_Task input_.
● ● ● ●

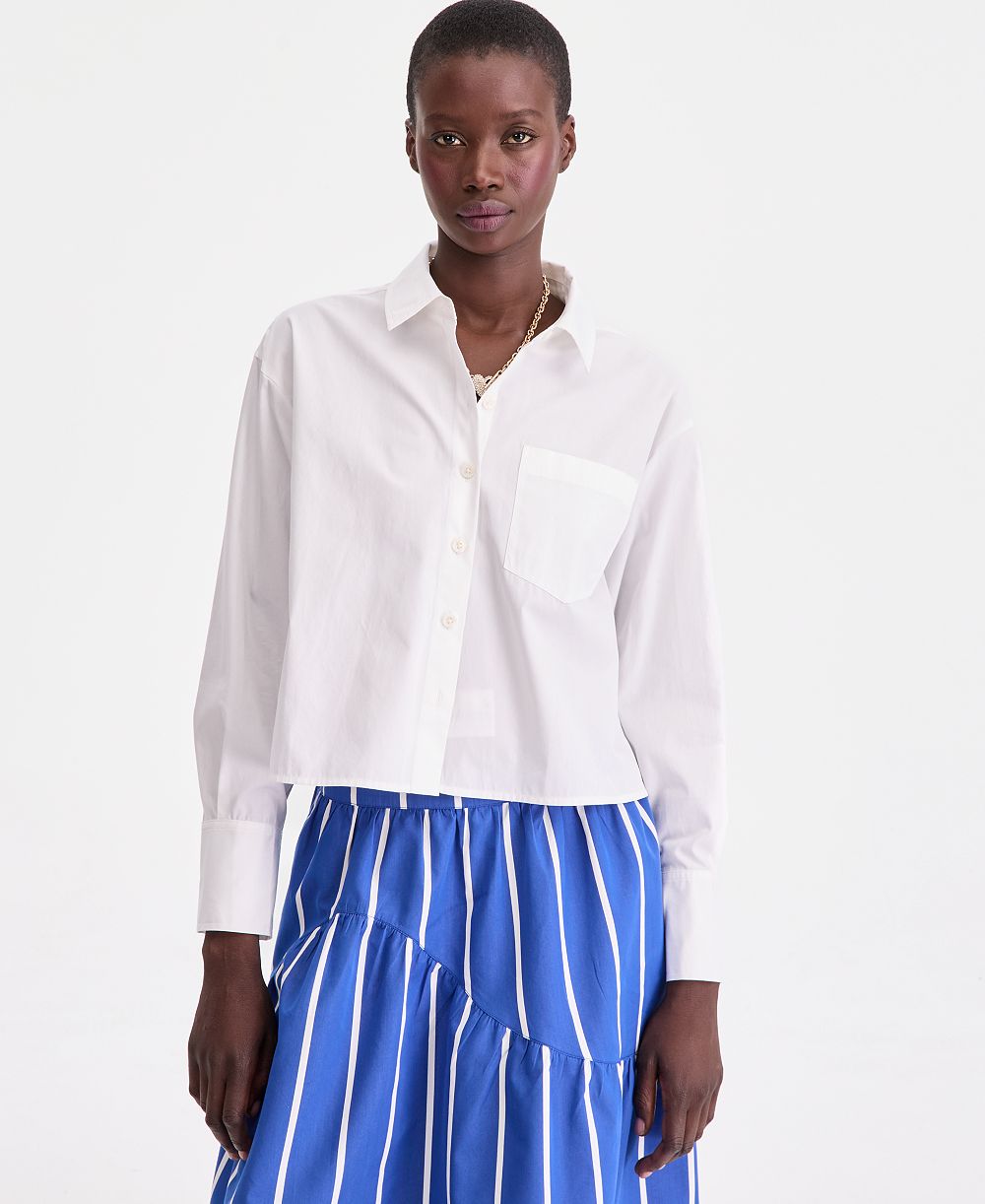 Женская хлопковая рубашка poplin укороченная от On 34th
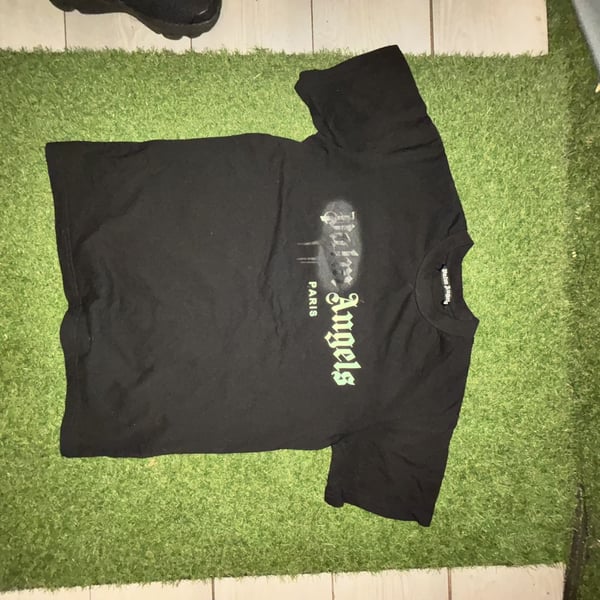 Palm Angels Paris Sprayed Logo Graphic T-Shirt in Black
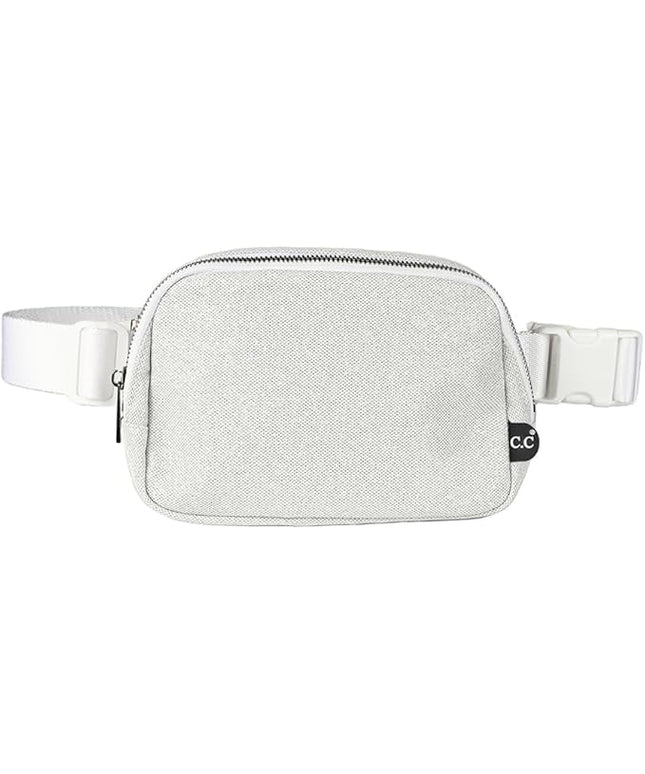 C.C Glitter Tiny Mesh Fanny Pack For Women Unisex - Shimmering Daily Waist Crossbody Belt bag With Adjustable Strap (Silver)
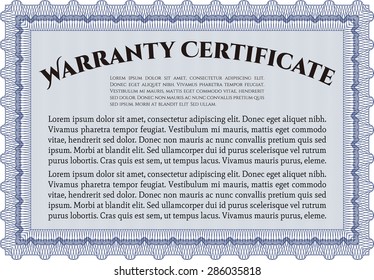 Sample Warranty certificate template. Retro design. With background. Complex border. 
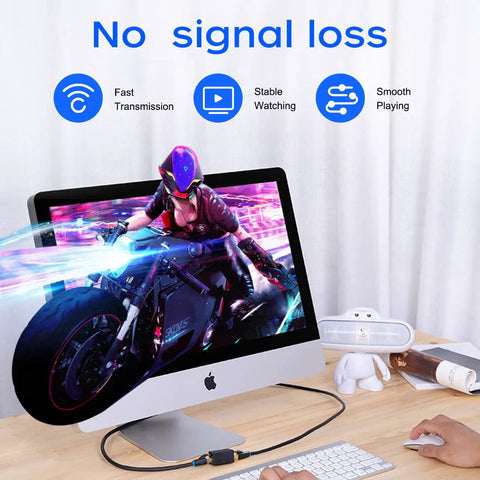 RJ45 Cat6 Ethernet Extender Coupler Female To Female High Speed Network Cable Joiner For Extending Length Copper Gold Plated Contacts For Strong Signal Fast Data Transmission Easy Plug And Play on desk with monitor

● ● ● ●

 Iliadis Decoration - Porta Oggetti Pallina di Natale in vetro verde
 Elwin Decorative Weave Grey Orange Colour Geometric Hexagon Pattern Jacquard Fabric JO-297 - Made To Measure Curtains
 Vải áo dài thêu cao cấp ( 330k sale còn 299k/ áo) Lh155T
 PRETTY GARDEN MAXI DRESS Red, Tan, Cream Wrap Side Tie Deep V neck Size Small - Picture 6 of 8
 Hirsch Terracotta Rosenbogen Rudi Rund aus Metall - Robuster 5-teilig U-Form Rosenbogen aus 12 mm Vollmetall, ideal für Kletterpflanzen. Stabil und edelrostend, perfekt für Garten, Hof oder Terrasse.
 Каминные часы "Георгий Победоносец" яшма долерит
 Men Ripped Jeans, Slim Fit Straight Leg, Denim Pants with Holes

● ● ● ●

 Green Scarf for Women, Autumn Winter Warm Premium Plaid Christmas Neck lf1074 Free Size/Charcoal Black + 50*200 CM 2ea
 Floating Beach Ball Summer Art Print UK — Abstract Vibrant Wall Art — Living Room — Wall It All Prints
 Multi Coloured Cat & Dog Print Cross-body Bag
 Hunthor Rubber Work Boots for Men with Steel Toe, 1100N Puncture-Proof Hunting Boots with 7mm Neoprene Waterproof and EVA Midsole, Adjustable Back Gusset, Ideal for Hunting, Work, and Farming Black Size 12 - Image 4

● ● ● ●

Give the count of lines in the listing above that include "Size", with no other words.

3